Kleist-Museum, Frankfurt (Oder) : Ein freier denkender Mensch bleibt da nicht stehen, wo der Zufall ihn hinstößt ... " - Heinrich von Kleist im Österreichischen Theatermuseum Palais Lobkowitz

AsKI-Logo klein

Heinrich von Kleist, Portrait von Max Slevogt, 1911, Foto: Kleist-Museum Frankfurt (Oder)

Ein freier denkender Mensch bleibt da nicht stehen, wo der Zufall ihn hinstößt; oder wenn er bleibt, so bleibt er aus Gründen, aus Wahl des Bessern." - Als Kleist im Mai 1799 diese Worte an seine Schwester Ulrike schrieb, hatte er gerade seine Wahl getroffen, sich dem „Zufall", seiner durch Herkunft und Tradition vorbestimmten Rolle, entgegengestellt und mit der Verwirklichung seines eigenen Lebensplans begonnen:

Nach „sieben unwiederbringlich verlornen Jahren" im preußischen Militärdienst bat Kleist 1799 um Demissionierung und schrieb sich an der Universität seiner Heimatstadt Frankfurt an der Oder als Student ein, „aus Neigung zu den Wissenschaften, aus dem eifrigsten Bestreben nach Bildung".

Die Selbstgewissheit, den richtigen Lebensweg gefunden zu haben, hielt nicht lange; schon nach drei Semestern brach Kleist sein Studium ab und zu neuen Ufern auf.
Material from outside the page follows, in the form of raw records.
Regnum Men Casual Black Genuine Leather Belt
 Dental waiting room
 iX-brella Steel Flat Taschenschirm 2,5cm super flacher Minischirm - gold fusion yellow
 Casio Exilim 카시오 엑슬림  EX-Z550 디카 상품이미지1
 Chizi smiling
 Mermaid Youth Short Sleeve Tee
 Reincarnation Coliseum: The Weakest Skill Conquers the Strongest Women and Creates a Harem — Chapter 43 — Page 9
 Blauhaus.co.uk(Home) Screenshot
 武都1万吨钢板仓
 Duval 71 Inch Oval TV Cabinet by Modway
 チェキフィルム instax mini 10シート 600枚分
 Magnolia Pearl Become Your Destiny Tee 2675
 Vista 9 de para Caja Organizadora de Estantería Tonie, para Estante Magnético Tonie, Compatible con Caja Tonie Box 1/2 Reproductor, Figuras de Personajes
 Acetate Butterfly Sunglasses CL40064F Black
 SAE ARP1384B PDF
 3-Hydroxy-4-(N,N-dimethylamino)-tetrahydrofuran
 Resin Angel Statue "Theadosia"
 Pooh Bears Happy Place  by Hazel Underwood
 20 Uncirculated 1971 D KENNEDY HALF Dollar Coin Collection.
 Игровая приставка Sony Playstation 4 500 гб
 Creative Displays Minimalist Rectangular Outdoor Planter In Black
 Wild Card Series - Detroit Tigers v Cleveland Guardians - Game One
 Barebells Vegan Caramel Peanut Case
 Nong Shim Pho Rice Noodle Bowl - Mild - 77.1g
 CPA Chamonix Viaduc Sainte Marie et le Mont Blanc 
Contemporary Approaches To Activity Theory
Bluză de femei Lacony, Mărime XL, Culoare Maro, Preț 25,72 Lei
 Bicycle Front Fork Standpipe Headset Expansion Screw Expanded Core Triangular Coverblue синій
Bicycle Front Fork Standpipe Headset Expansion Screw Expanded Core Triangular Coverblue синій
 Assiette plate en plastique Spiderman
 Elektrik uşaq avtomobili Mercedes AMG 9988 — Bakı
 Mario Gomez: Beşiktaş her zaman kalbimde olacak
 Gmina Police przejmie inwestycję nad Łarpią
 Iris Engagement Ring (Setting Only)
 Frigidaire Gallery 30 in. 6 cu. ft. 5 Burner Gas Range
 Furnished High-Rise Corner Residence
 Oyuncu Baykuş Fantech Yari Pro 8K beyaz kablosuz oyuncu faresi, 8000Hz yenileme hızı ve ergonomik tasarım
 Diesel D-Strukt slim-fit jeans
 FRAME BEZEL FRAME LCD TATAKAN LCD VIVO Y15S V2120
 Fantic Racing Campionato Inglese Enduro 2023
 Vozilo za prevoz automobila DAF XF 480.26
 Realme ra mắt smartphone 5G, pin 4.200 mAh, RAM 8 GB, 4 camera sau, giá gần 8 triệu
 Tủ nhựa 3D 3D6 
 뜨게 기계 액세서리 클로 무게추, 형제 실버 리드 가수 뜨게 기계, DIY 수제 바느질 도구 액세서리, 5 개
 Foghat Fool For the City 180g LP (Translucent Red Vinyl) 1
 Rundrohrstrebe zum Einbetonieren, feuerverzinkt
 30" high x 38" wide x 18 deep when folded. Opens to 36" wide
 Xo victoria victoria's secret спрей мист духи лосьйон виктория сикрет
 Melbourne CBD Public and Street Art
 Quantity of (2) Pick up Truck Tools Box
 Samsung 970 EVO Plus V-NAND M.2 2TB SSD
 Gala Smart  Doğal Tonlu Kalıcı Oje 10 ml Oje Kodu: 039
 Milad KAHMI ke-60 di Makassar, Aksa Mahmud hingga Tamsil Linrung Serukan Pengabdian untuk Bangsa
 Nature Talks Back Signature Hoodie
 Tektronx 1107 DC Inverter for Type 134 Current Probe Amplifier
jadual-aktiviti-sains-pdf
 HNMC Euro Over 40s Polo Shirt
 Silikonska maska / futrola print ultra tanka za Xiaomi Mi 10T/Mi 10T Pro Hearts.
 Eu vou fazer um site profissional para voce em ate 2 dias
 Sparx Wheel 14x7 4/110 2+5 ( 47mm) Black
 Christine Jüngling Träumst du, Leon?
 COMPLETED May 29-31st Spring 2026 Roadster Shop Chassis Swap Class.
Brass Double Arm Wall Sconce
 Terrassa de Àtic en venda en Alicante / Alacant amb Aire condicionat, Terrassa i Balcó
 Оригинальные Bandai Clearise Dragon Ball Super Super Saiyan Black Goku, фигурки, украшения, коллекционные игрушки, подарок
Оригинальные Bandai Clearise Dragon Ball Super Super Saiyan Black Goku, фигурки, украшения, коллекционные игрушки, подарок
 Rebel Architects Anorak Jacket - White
Kleists ungewöhnlicher und ruheloser Lebensweg führte ihn durch ein ruheloses Europa.

Er war als fast noch Kind schon Offizier, als Student dann älter als die meisten seiner Kommilitonen, war Reisender, Schreibender, vermeintlicher oder tatsächlicher Spion, Beamter, Kriegsgefangener, verhinderter Buchhändler, Herausgeber, politischer Propagandist, Boulevardjournalist, die Konventionen kenntnisreich nutzender Nonkonformist - und vor allem ein Dichter, unter den merkwürdigsten und schwierigsten Bedingungen. Im Ringen um die unbedingte Verwirklichung des eigenen Anspruchs schuf Kleist in wenigen Jahren ein literarisches und journalistisches Werk, das 200 Jahre später moderner denn je ist.

Die Biographen des 19. und 20. Jahrhunderts sahen Kleist vornehmlich als einen an der Zeit gescheiterten Dichter, dessen Leben sich folgerichtig auf ein tragisches Ende hin bewegt hatte. Die Ausstellung zeigt Kleists Leben voller hoffnungsvoller Aufbrüche und ebenso entschlossener Abbrüche, voller Mut, Entscheidungen zu treffen, auch wenn Familie und Zeitgenossen ihn nicht verstanden. Mit Beharrlichkeit und bei allen Rückschlägen scheint Kleist fest an sich selbst und das eigene Ziel geglaubt zu haben, ein Anspruch, mit dem er unserem modernen Leben nah ist. Sein Gedanke vom Lebensplan lässt sich bis zu seinem spektakulären Freitod, dem Höhepunkt seiner Selbstinsenierung, weiter verfolgen.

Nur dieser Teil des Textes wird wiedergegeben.